An article that appeared last Friday in the Wall Street Journal suggests that at least one U.S. company is providing the Chinese government with access to proprietary U.S. source code as a condition for access to the Chinese market. What could possibly go wrong with that??
Just as a burglar, who normally suspects everyone else of having his own larcenous motives, puts extra bars on his own doors and windows, the Chinese seem to be worried that U.S. software might have backdoors that allow the U.S. to hack into Chinese systems. Imagine that.
IBM has begun allowing officials from China’s Ministry of Industry and Information Technology to examine proprietary source code—the secret sauce behind its software—in a controlled space without the ability to remove it from the room, the people said. It wasn’t clear which products IBM was allowing reviews of or how much time ministry officials can spend looking at the code. The people said the practice was new and implemented recently.

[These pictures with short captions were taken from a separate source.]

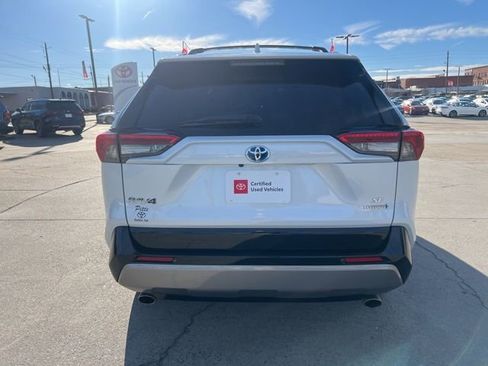 Used 2023 Toyota RAV4 SE image 6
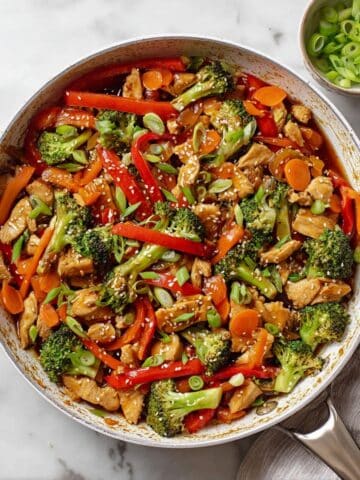 Chicken Stir Fry with Broccoli, Carrots, and Bell Peppers Recipe
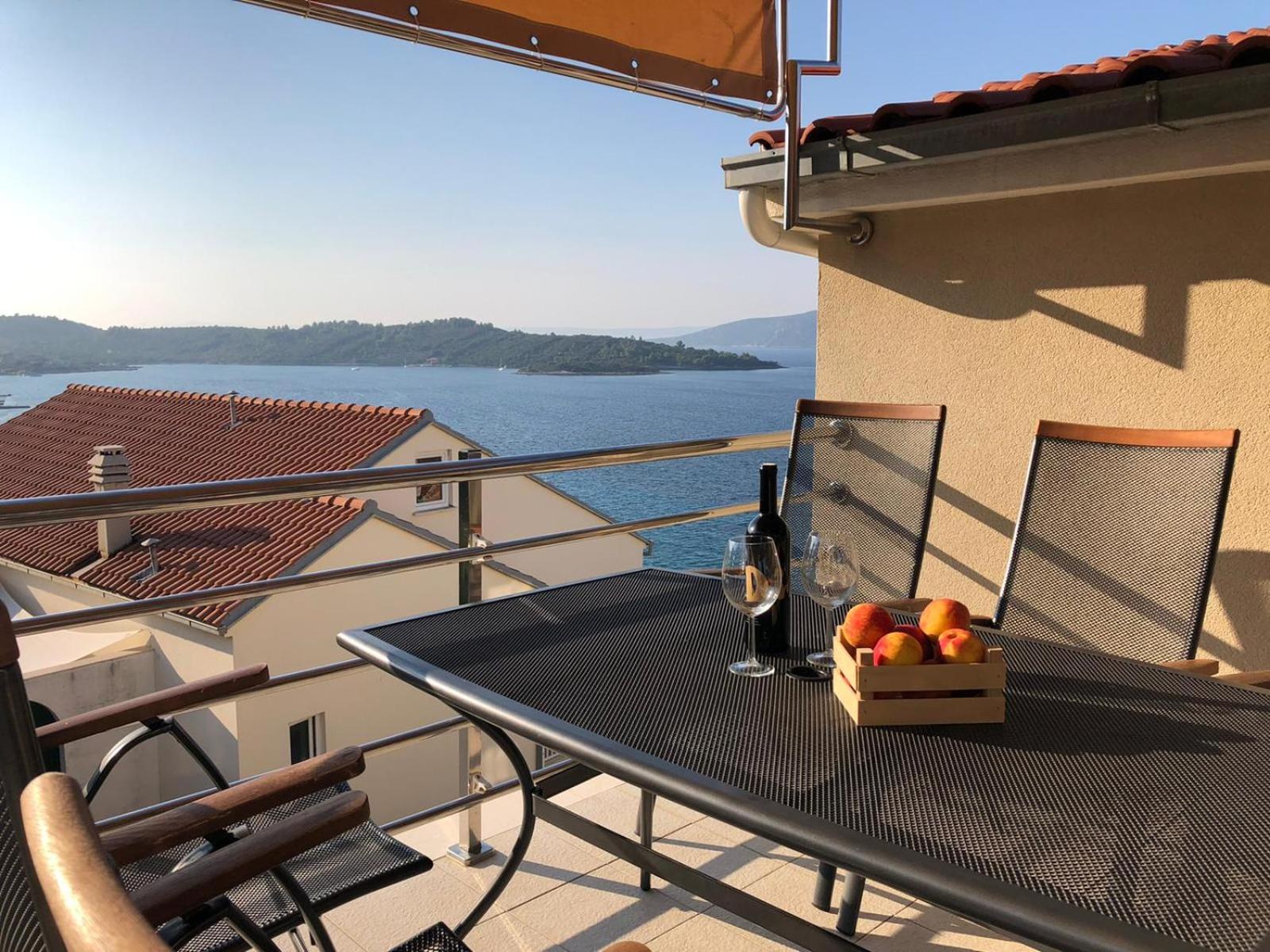 Apartments Mare view 4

The Wall Street Journal suggests that this access, which is designed to quell Chinese fears that the U.S. will do unto China what China has done unto the U.S., is largely symbolic because the Chinese are not being given sufficient time to comb through thousands of line of code looking for back doors.
The problem here, however, is that most software programs these days, particularly ones that might have “back door” entry concerns, will have encryption; and the EAR poses special restrictions on exporting certain types of encryption source code to certain government end-users. Encryption source code that is classified as ECCN 5D002 (i.e., is not mass market) and is not publicly available is classified under section 740.17(b)(2)(i)(B) of license exception ENC. Under paragraphs (1) and (2) of the Note to 740.17(b)(2), such encryption source code can, after a classification request, be immediately exported under license exception ENC to any end-user (including a government end-user) in a Supplement 3 country and to non-government end-users in countries, such as China, which are not a Supplement 3 country. However, exports of 5D002 encryption source code that is not publicly available, i.e., that is not available by download or otherwise to members of the public, can only be exported to a government end-user outside Supplement 3, such as the Chinese government, with a license from the Bureau of Industry and Security. (A very good chart explaining the baroque complexities of license exception ENC can be found here.)
Now, here’s the catch. Most encryption algorithms are publicly available, but the code used by specific software to implement that algorithm is not. Indeed, if that code were publicly available, the Chinese wouldn’t need to review it, and the reviewing company would not insist that the code be examined in a “controlled space.” Indeed, you have to imagine that it is precisely the non-public code implementing the public algorithm which would be of most interest to Chinese reviewers concerned about U.S. software having back doors for Uncle Sam to come snooping.
Let me be clear: I’m not saying that IBM has broken any laws here. We don’t know whether the software being examined is 5D002 software or, if it is, that IBM hasn’t applied for and received a license. Rather my point is this: companies that consider giving source code access to the Chinese should only move ahead with a great deal of caution if the software utilizes encryption.